_Exercise directions_
Output exactly the lines below from the one containing "Image 67 of 74 For 3484 Primrose Way" to the last line, both included. Omit pictures.

_Crawled caption data_

::::::::::

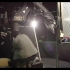 Bolt 高速 摄像 机械臂 + Phantom Flex4K 演示 视频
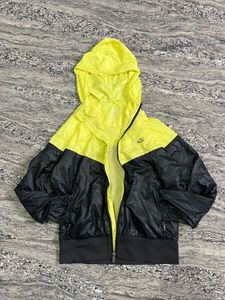 Nike Jacket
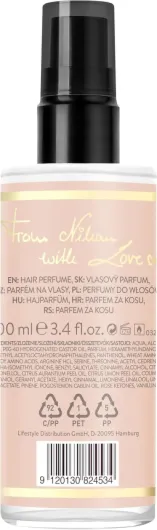 71Jul3Z-teL._AC_SL1500_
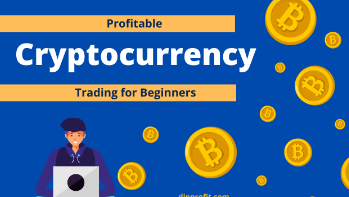 How to Start Trading Cryptocurrencies Profitably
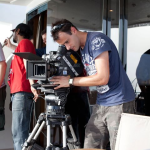 How To Collaborate Effectively With Your Cinematographer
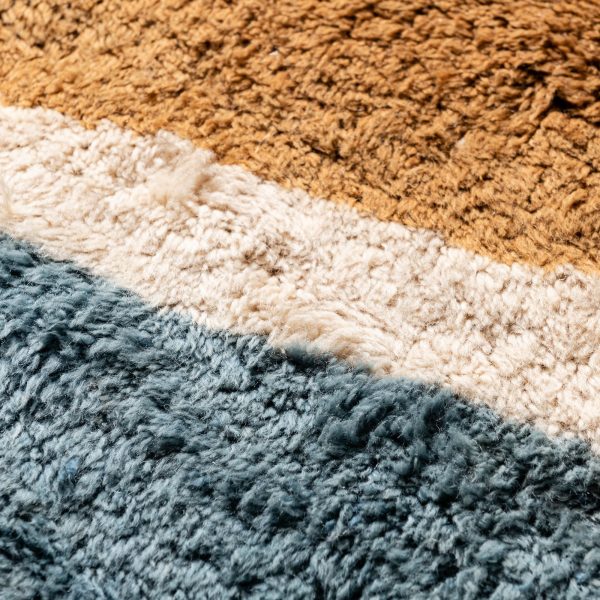 MT1593HM-7_6dd84827-dd16-4831-b90b-fac1be7de688.jpg Moroccan rugs . close-up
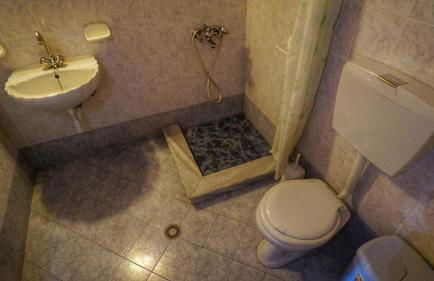 Chrissi Akti - Foto 18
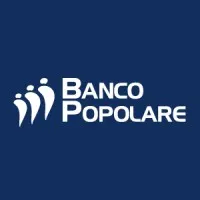 Banco Popolare
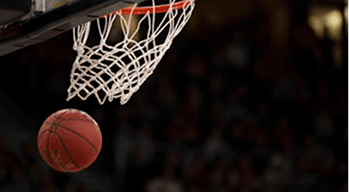 City Marathon & Sprint Event — Race Day Coverage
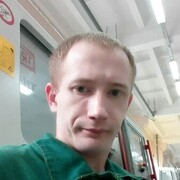  ,   , 37 ,   c 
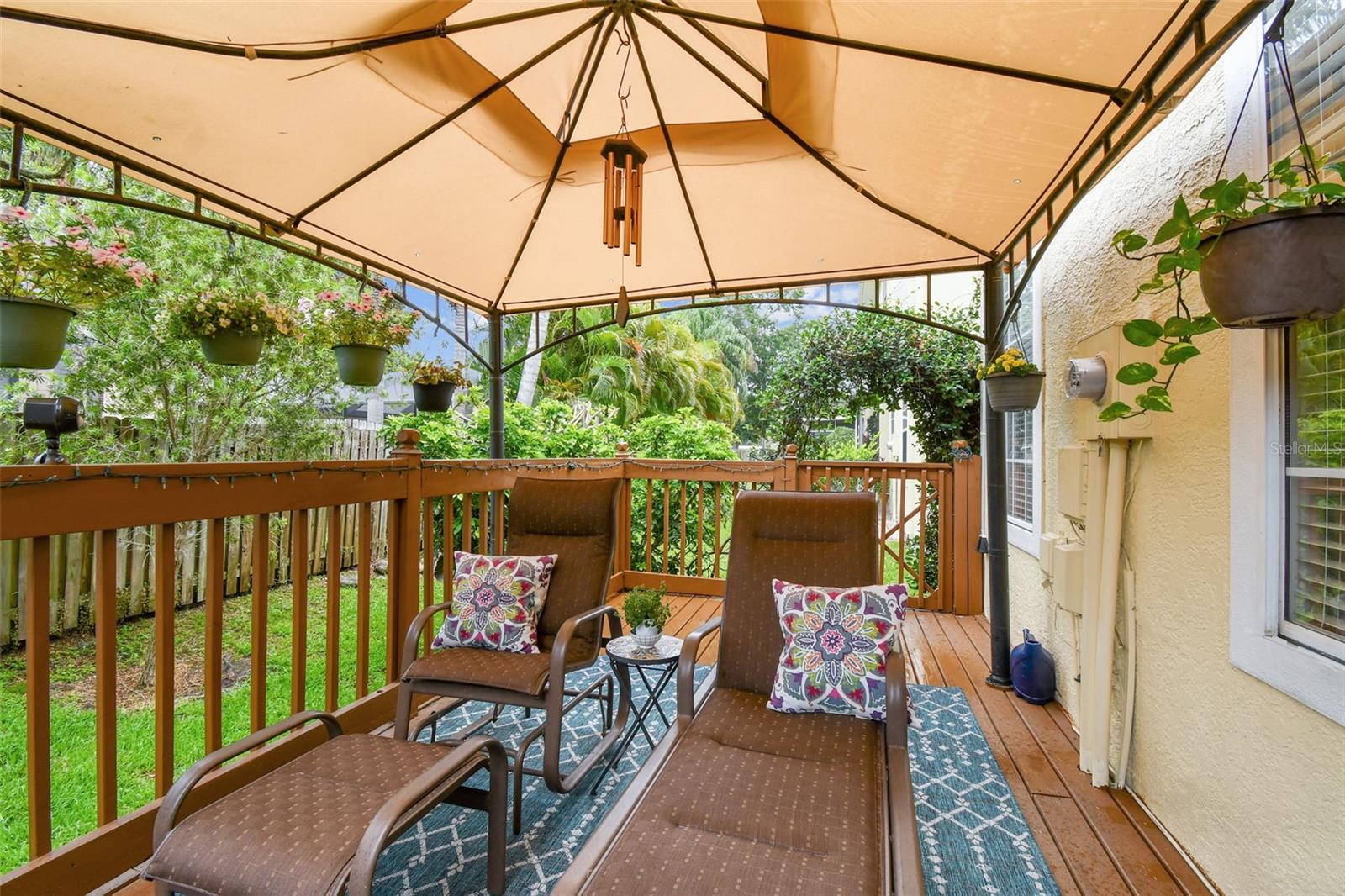 Image 67 of 74 For 3484 Primrose Way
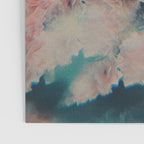 You fall upon my waking eyes Poster Gallery Image 3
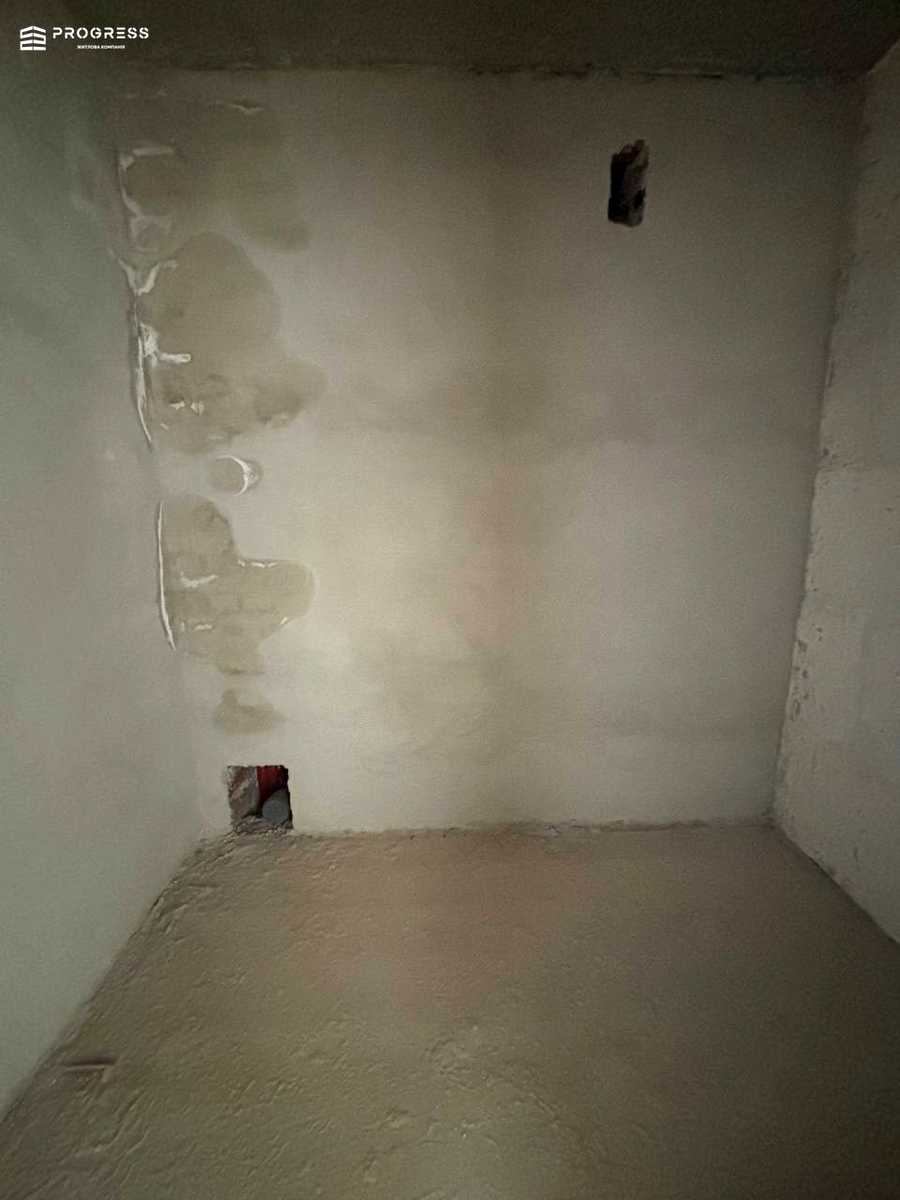 1876493036759705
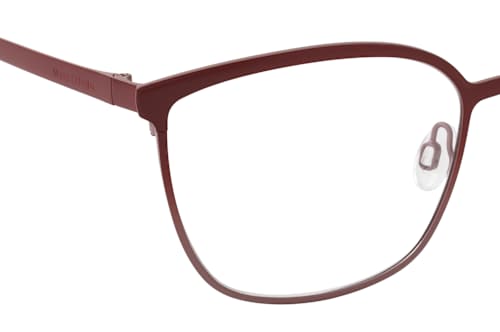 MARC O'POLO Eyewear 502201 55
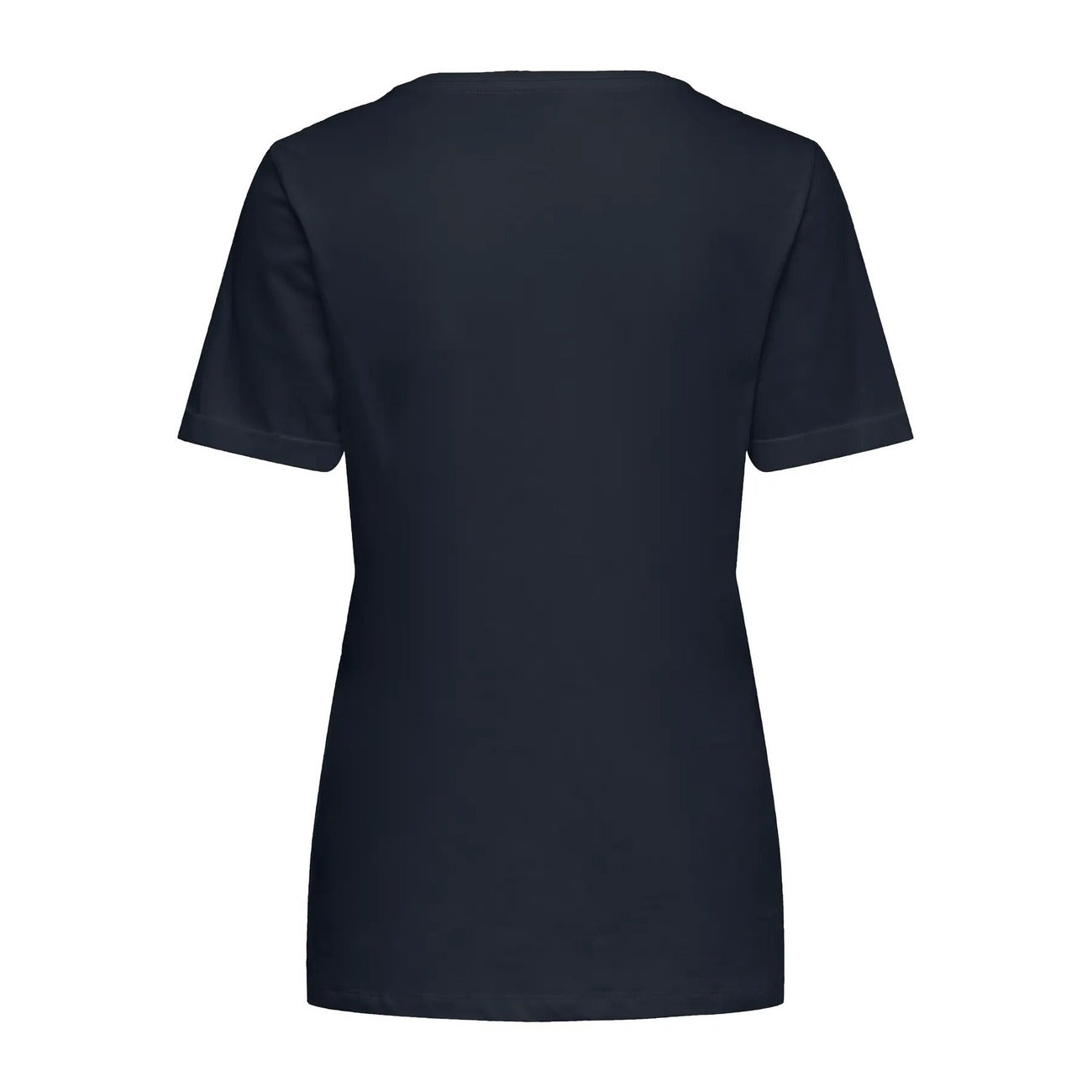 Only T-Shirt Donna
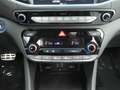 Hyundai IONIQ Ioniq PHEV 1.6 GDi Executive Cuir, Navi, Camera Grau - thumbnail 19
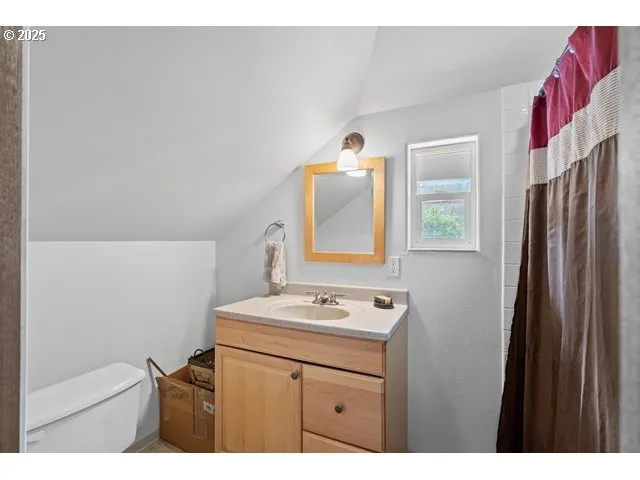 $396,000 | 680 Alfalfa Street, Heppner, OR 97836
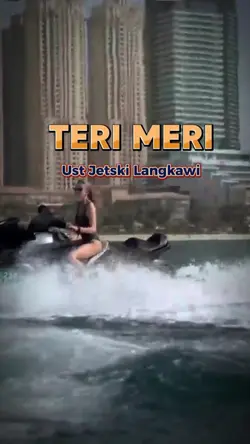 Teri Meri prem 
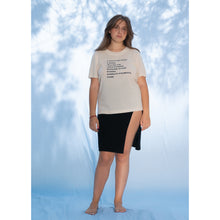 Load image into Gallery viewer, SWEATER JORDAN SS23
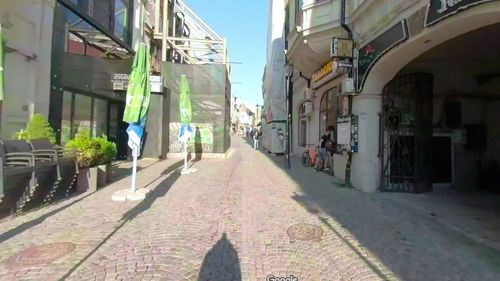 Centrul Istoric din București se transformă în șantier: Primăria va demola și reconstrui două clădiri vechi, alte imobile vor fi consolidate și reparate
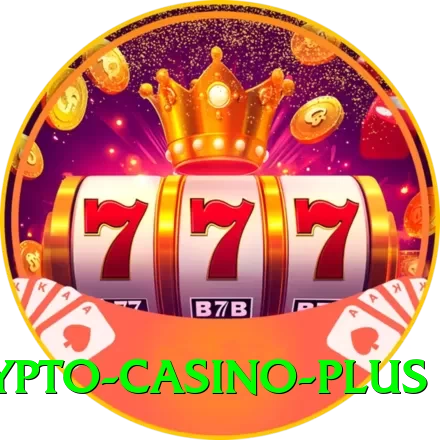 crypto casino Live VIP - 2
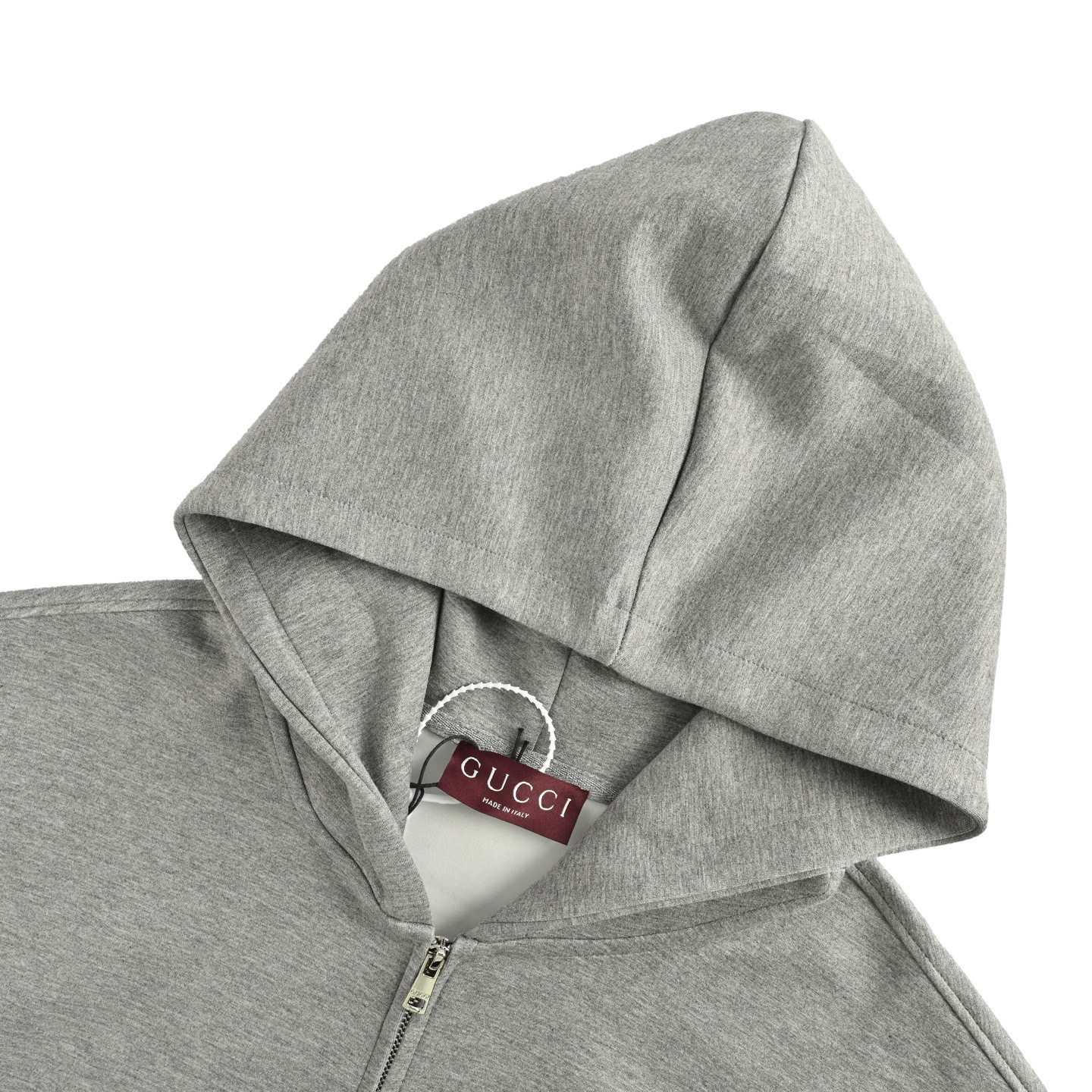 Gucci Clothing-315
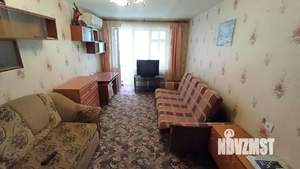 3-к квартира, на длительный срок, 80м2, 3/5 этаж
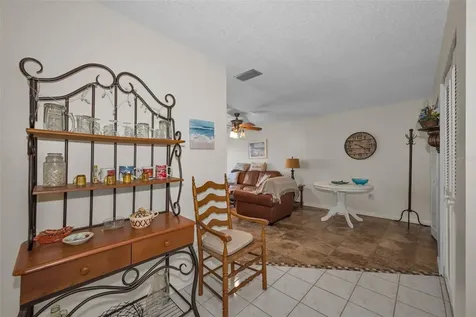 2700 Bayshore Boulevard Dunedin FL 34698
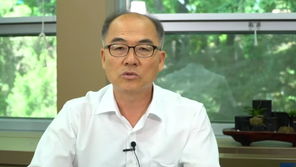 靑 “가축서 개 제외하도록 관련 규정 정비…식용금지는 사회적 논의 필요”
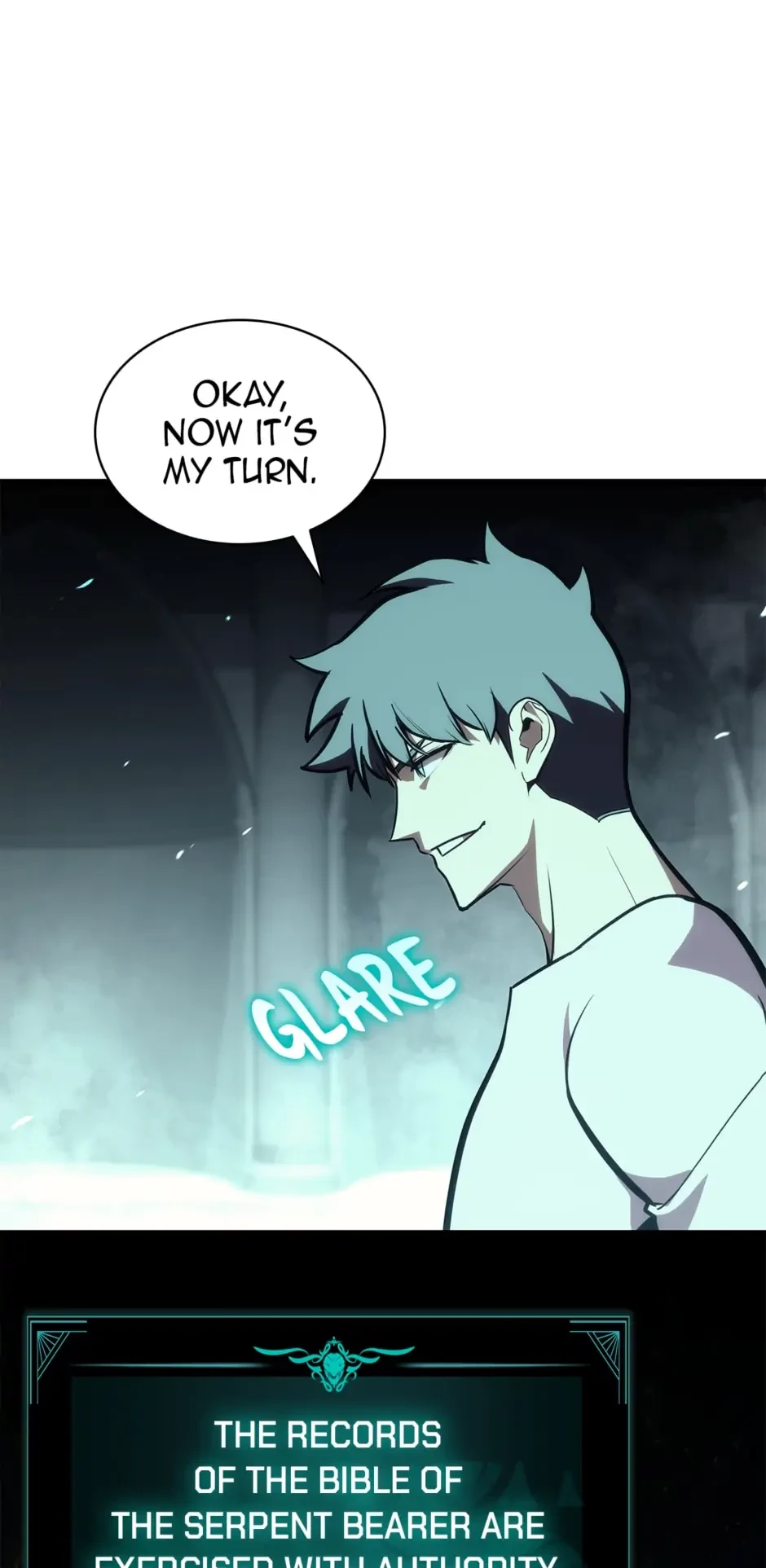 Return of the Disaster-Class Hero Chapter 72 - 6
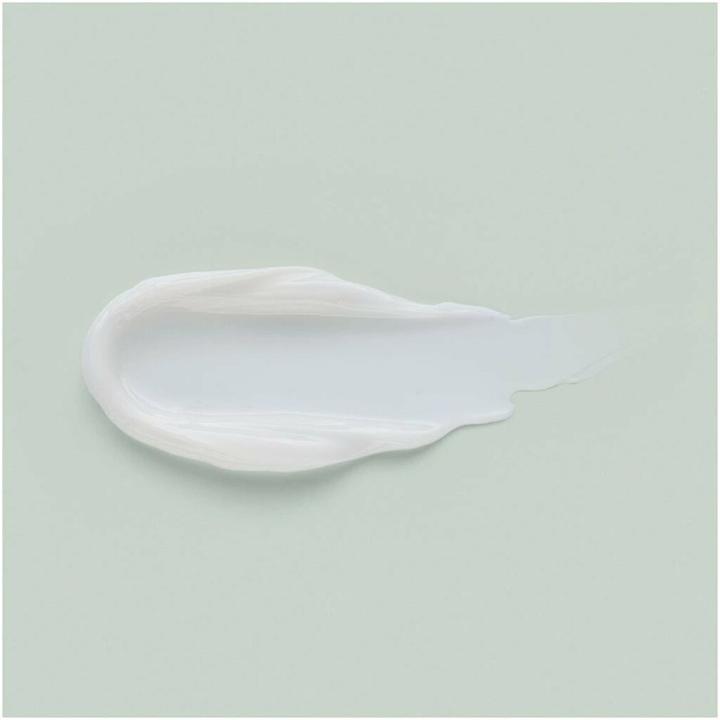 Actual product image Goldwell StyleSign Curls Defining Cream (Hair cream, 150 ml)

::::::::::

_Solution_
 Image 67 of 74 For 3484 Primrose Way
 You fall upon my waking eyes Poster Gallery Image 3
 1876493036759705
 MARC O'POLO Eyewear 502201 55
 Only T-Shirt Donna
 Hyundai IONIQ Ioniq PHEV 1.6 GDi Executive Cuir, Navi, Camera Grau - thumbnail 19
 $396,000 | 680 Alfalfa Street, Heppner, OR 97836
 Teri Meri prem 
 Load image into Gallery viewer, SWEATER JORDAN SS23
 Centrul Istoric din București se transformă în șantier: Primăria va demola și reconstrui două clădiri vechi, alte imobile vor fi consolidate și reparate
 crypto casino Live VIP - 2
 Gucci Clothing-315
 3-к квартира, на длительный срок, 80м2, 3/5 этаж
 2700 Bayshore Boulevard Dunedin FL 34698
 靑 “가축서 개 제외하도록 관련 규정 정비…식용금지는 사회적 논의 필요”
 Return of the Disaster-Class Hero Chapter 72 - 6
 Actual product image Goldwell StyleSign Curls Defining Cream (Hair cream, 150 ml)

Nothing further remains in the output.